ASH Annual Meeting 2017 is about to start
The 59th American Society of Hematology (ASH) Annual Meeting will take place from 9 – 12 December in Atlanta, Georgia, United States (US). Myeloma Patients Europe (MPE) will be attending the meeting, alongside thousands of leading doctors, researchers and patient advocates in the field of blood cancer (hematology). Below we explain ASH and the importance of the meeting to patient advocates.
The ASH Annual Meeting is the biggest haematology research conference of the year, occurring every December in locations across the US. It is organised by the American Society of Hematology, a global professional association of clinicians and researchers in the field of blood cancer. About 30,000 people across the globe attend the meeting each year.
During ASH, researchers from across blood cancers including myeloma, present the results of research and clinical trials that have been taking place throughout the year.
Presentations can range from the results of preclinical research (e.g. laboratory based studies) through to the results of large Phase III clinical trials looking at new myeloma drugs. Given the level of prestige behind the meeting, researchers from academia and the pharmaceutical industry often wait for the opportunity to publish their major data at ASH. This means that some of the most interesting and important scientific research in myeloma is presented during the conference. As an example, you can see the MPE ASH Highlights 2016 webinar here: https://www.youtube.com/watch?v=r_MXOponXjM
Research is presented in two formats – poster or oral presentations. Where oral presentations are more formal in nature, and there are opportunities to ask questions at the end of the talk, poster presentations are more interactive and allow you to directly ask the researcher questions.
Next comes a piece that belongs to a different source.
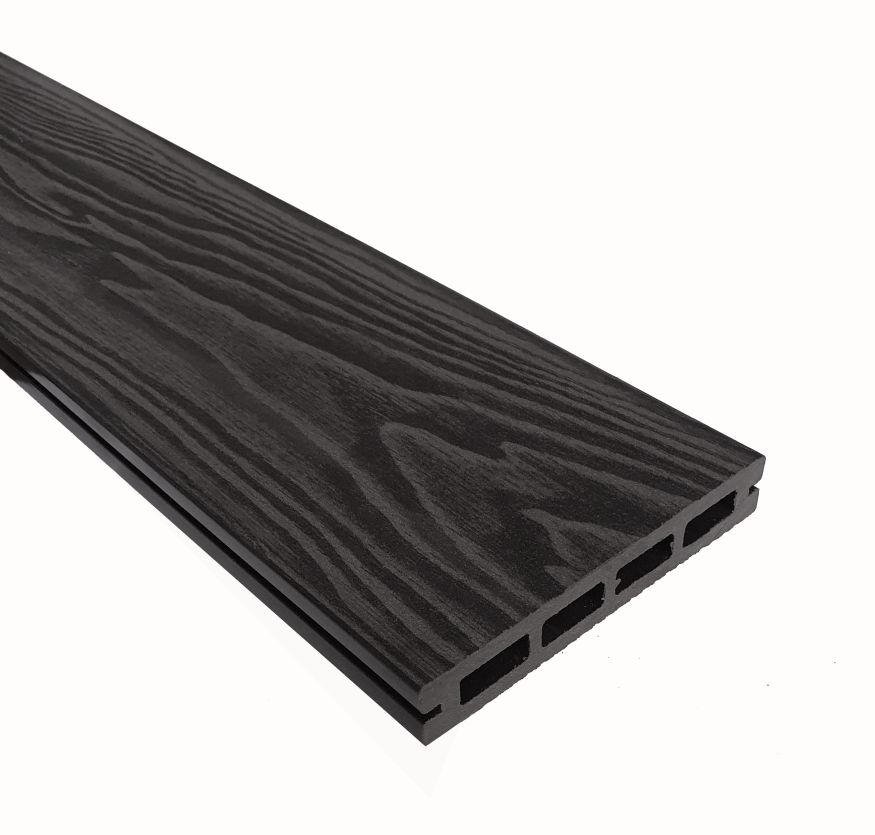 Террасная доска ДПК Terrapol Смарт 3D (пустотелая с пазом) Черное дерево купить в Симферополe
You can see the programme for ASH 2017 http://www.hematology.org/Annual-Meeting/
ASH presents myeloma patient advocates with an excellent opportunity to hear about the latest treatment developments in myeloma and to disseminate this information to their networks and members.
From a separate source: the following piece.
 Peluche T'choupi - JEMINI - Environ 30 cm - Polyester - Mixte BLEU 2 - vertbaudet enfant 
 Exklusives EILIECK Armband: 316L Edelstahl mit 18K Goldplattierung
The side meetings that take place during ASH are also just as important as the main scientific sessions. Thousands of people attend the conference from a wide range of different stakeholder groups in blood cancer, including from industry, academia and patient advocacy. It is therefore an ideal opportunity for advocates to arrange or attend meetings and discussion events on topics relevant to myeloma patients.
During ASH, all stakeholders take the opportunity to host and arrange meetings. Throughout, you’ll find discussions taking place about treatment developments, ideas for clinical trials, collaborations within and across the blood cancer communities. This is another reason why the ASH Annual Meeting is so important.
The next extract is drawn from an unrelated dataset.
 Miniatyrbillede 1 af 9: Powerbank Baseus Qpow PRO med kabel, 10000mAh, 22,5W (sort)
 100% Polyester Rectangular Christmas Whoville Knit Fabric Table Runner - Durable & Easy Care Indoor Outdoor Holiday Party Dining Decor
MPE will have an information stand during the conference to allow us to spread the word about the work of MPE and our members. If you are attending the conference, please feel free to drop by and meet the Team.
As we know a lot of our members may not be able to attend ASH, we will be following the main scientific sessions to understand the key developments. Keep an eye out for updates via social media.
Following the conference, we’ll produce and disseminate a written conference summary alongside an ASH 2017 highlights webinar. We are also filming interviews with leading doctors and researchers in myeloma. These will be published on our website and disseminated during January 2018.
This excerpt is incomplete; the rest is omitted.